> Records for this task:
-- Opening Marker --

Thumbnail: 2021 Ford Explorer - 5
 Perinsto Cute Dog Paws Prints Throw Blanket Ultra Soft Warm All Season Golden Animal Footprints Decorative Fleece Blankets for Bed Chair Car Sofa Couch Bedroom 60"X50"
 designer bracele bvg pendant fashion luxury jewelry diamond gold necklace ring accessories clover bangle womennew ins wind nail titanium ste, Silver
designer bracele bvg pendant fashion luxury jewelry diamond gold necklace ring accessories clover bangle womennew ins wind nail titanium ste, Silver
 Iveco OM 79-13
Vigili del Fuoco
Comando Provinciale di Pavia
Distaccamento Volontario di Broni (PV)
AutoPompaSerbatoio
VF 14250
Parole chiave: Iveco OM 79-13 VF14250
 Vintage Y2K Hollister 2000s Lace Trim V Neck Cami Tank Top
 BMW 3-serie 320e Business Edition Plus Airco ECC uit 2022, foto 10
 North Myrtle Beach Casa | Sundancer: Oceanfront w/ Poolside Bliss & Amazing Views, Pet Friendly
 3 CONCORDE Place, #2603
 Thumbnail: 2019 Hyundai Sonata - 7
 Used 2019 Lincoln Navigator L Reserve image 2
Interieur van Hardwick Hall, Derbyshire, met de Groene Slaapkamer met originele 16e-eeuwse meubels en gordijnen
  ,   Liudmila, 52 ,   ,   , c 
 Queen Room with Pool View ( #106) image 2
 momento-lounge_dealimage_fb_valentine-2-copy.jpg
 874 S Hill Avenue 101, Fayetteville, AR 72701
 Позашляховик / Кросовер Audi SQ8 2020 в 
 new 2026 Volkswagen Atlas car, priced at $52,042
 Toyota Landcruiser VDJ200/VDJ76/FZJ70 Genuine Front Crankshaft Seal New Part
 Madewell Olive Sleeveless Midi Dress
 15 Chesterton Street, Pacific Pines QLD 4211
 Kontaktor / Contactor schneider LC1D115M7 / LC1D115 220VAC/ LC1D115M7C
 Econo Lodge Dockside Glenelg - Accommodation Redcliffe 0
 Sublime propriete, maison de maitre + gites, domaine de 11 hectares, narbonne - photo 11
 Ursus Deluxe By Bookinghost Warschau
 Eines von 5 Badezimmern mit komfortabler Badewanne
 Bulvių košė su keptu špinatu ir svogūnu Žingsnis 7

-- Closing Marker --

> Assignment:
From the records above, transcribe without alteration every line from the one with "AutoPompaSerbatoio" to the one with "Kontaktor / Contactor", inclusive.

> Completed task:
AutoPompaSerbatoio
VF 14250
Parole chiave: Iveco OM 79-13 VF14250
 Vintage Y2K Hollister 2000s Lace Trim V Neck Cami Tank Top
 BMW 3-serie 320e Business Edition Plus Airco ECC uit 2022, foto 10
 North Myrtle Beach Casa | Sundancer: Oceanfront w/ Poolside Bliss & Amazing Views, Pet Friendly
 3 CONCORDE Place, #2603
 Thumbnail: 2019 Hyundai Sonata - 7
 Used 2019 Lincoln Navigator L Reserve image 2
Interieur van Hardwick Hall, Derbyshire, met de Groene Slaapkamer met originele 16e-eeuwse meubels en gordijnen
  ,   Liudmila, 52 ,   ,   , c 
 Queen Room with Pool View ( #106) image 2
 momento-lounge_dealimage_fb_valentine-2-copy.jpg
 874 S Hill Avenue 101, Fayetteville, AR 72701
 Позашляховик / Кросовер Audi SQ8 2020 в 
 new 2026 Volkswagen Atlas car, priced at $52,042
 Toyota Landcruiser VDJ200/VDJ76/FZJ70 Genuine Front Crankshaft Seal New Part
 Madewell Olive Sleeveless Midi Dress
 15 Chesterton Street, Pacific Pines QLD 4211
 Kontaktor / Contactor schneider LC1D115M7 / LC1D115 220VAC/ LC1D115M7C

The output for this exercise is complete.